The Vampire Bat (1933)

Rating: ***
Review Date: 12/23/15
Cast: Lionel Atwill, Fay Wray, Melvyn Douglas, Dwight Frye

A series of murders have been committed in a small European town, and all evidence points to vampires. Local constable Karl (Melvyn Douglas) dismisses the opinions of the town elders as superstitious nonsense, but without any solid clues he eventually begins to consider vampirism as a possibility. The respected Dr. Niemann (Lionel Atwill) aids Karl in his investigation and encourages him to pursue the vampire angle, but it's all just a clever ruse to divert attention away from the doctor's secret experiments, which happen to require large amounts of human blood. Karl finally solves the case by outwitting the increasingly suspicious doctor, and manages to rescue his girlfriend Ruth (lovely Fay Wray) before she becomes the vampire's latest victim.
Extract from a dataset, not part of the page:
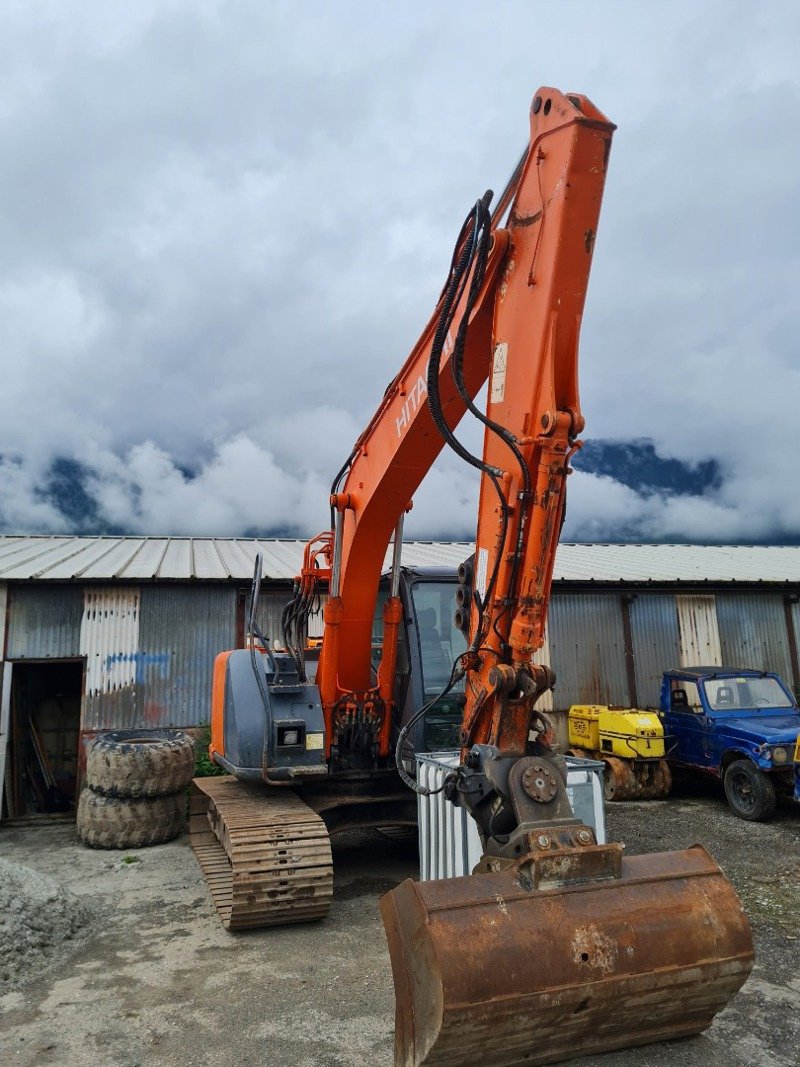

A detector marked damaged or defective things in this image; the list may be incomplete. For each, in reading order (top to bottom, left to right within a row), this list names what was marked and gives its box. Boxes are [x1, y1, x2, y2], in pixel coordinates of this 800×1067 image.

rusty excavator bucket [378, 840, 752, 1064]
"The Vampire Bat" is a quaint and enjoyable production with a shrewdly misleading title. Apart from the annoyingly fussy and hypochondriac Aunt Gussie, the characters are wonderful and the acting is quite good. Both Lionel Atwill and Melvyn Douglas are commanding and charismatic, and Fay Wray is simply stunning. Dwight Frye delivers a delightfully eccentric performance as the town fool, who is mercilessly hunted down by the hysterical townsfolk under suspicion of being a vampire. It's more of a murder mystery than a horror film, and offers very little in terms of thrills and scares, but the script is taut and the characters are engaging. A fun trip for fans of classic horror, when vampires were all the rage.